The only way to realize the absolute secrecy required for voting is to use anonymous votes. Thus votes can be:

  1. anonymous records
    The following is an example of anonymous record: an unknown lady likes black roses.
    Since only the lady herself could confirm she likes black roses, we should ask her to know if the above sentence is true. But we don't know who she is, so we can't confirm, nor deny, she likes black roses.
    Having no references to external entities to check with, we can decide to trust or distrust anonymous records but for sure we are not able to verify their truthfulness.

    By the way, anonymous records are unusual in the real world; to be honest it's even difficult to imagine human activities in which files of anonymous records are useful.

    Files of cast votes must be made of anonymous records, to ensure that nobody will ever be able to identify what each voter voted for.
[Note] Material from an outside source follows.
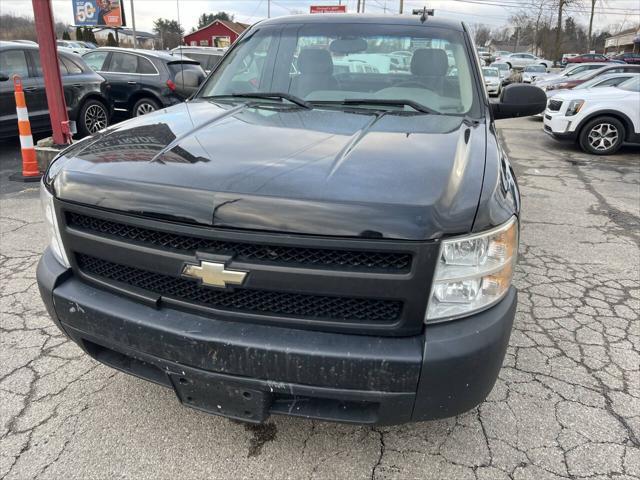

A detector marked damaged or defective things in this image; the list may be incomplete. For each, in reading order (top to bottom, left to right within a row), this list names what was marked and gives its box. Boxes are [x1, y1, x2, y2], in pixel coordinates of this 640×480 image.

cracked asphalt [0, 117, 636, 480]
Thus for each cast vote, electoral files can have the following information:
    • the name or the code of the chosen candidate or party
    • the name or the code of the polling station where the vote has been casted
    • the serial number of the voting machine which casted the vote
    • ... other info BUT anything which could ever link to the identity of the voter.....

    Thus electoral files will contains info of the following kind: an unknown elector casted his vote for candidate "A"
    It's easy to see that in the above situation no votes verification is possible since each vote could be verified only by the one who casted it, but nobody knows who he is! The above statement is true whichever techniques are use to collect and store votes: we can use criptography, secret passwords, special networks, Mathematical Voting Systems and any other techniques, but at the end of the story all we have is always an anonymous file as the one described above!
    All we can verify is that the final result of each candidate is actually the sum of his/her recorded votes, but this is not a real verification since it doesn't ensure that recorded votes store the actual electors' choices.
    We can't verify the truthfulness of electoral results based on anonymous records.

  2. anonymous physical objects
    Obviously we can verify the number of anonymous physical objects thus we can verify the truthfulness of electoral results based on them.

Democracy also requires electoral results to be verifiable, thus we can't use anonymous records as votes since can't be verified.

In Democracy the term "verifiable" means "verifiable by the common people", thus we can't honestly think a string of bytes recorded on some electronic media as a physical object because it can't be directly verified by any human being.

votes must be anonymous human-readable tangible objects
collected, transmitted and tallied up publicly.

It is not by chance that democracies have always used ballot papers and public electoral procedures!